And when Claude returns tool calls:

if (toolCall) {
  const url = makeCloudinaryUrl(toolCall.input);
  saveToThread({ threadId, result: url });
}
Code language: JavaScript (javascript)

Threads make it easy to follow up, rerun, or explain past results, which are essential for conversational UX.

The intelligence behind the chat experience is powered by a Convex Agent, leveraging Anthropic’s Tool-Use API and real-time Cloudinary transformations. This setup allows Claude to interpret prompts, call registered tools, and return useful results.

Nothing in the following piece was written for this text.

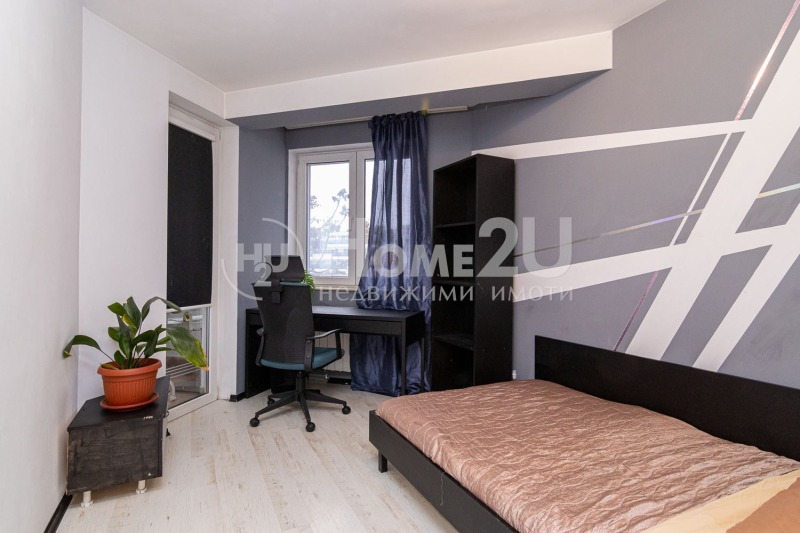 En venta  2 dormitorios Sofia , Izgrev , 310 metros cuadrados | 98803465 - imagen [8]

Each image transformation is implemented as a tool Claude can call with structured inputs. Tools are defined using zod schemas and registered inside the agent logic.

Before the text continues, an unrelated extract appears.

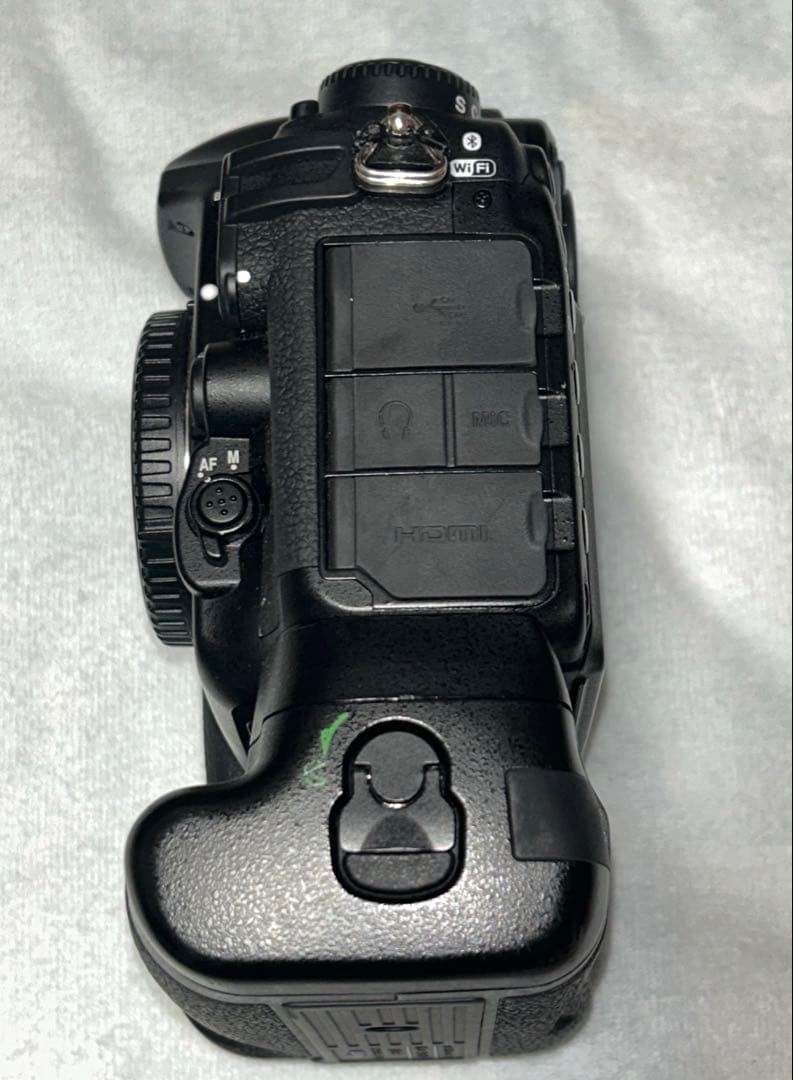 Nikon D500 MB-D17 バッテリーグリップ　純正バッテリー4つセット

Example: A Cloudinary makeCloudinaryUrl tool:

const makeCloudinaryUrl: Tool = {
  name: "makeCloudinaryUrl",
  description: "Build a Cloudinary image URL with optional transformations.",
  parameters: z.object({
    publicId: z.string(),
    transformation: z.string(),
    width: z.number().optional(),
    height: z.number().optional(),
  }),
  execute: async ({ publicId, transformation }) => {
    const url = `https://res.cloudinary.com/.../upload/${transformation}/${publicId}`;
    return url;
  },
};

Code language: JavaScript (javascript)

Other tools are defined similarly to handle:

  • Resizing
  • Background removal
  • Generative fill
  • Format optimization
  • Recoloring

View the full definition here.

The actual execution happens inside a Convex internal action, which sends the prompt to Claude and lets it decide whether to respond directly or call a tool.

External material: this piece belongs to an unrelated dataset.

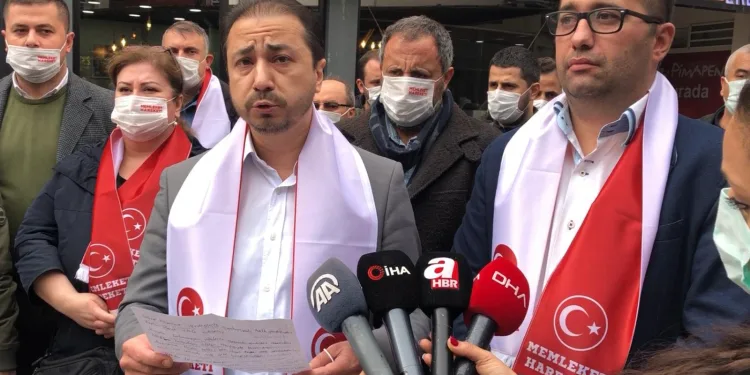CHP Yalova İl Başkanlığı’nda toplu istifa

Here’s a simplified version of the agent handler:

export const createAgentAssistantThread = internalAction({
  args: { prompt: v.string(), threadId: v.optional(v.string()) },
  handler: async (ctx, args) => {
    const tools = [makeCloudinaryUrl, ...];

    const agent = createAgent({
      tools,
      model: 'claude-3-opus-20240229',
      apiKey: process.env.ANTHROPIC_API_KEY,
    });

    return await agent.respond({ ...args });
  },
});
Code language: JavaScript (javascript)

This is triggered on every user message to analyze the prompt and invoke tools if needed.

View the Convex agent code here.

Your backend needs several sensitive environment variables:

# Anthropic
ANTHROPIC_API_KEY=sk-ant-...

# Cloudinary
NEXT_PUBLIC_CLOUDINARY_CLOUD_NAME=your-cloud-name
CLOUDINARY_API_KEY=your-api-key
CLOUDINARY_API_SECRET=your-api-secret
Code language: PHP (php)
  • ANTHROPIC_API_KEY is used server-side only to call Claude.
  • CLOUDINARY_API_SECRET should never be exposed to the client.
  • NEXT_PUBLIC_CLOUDINARY_CLOUD_NAME can be used safely on the frontend for transformations.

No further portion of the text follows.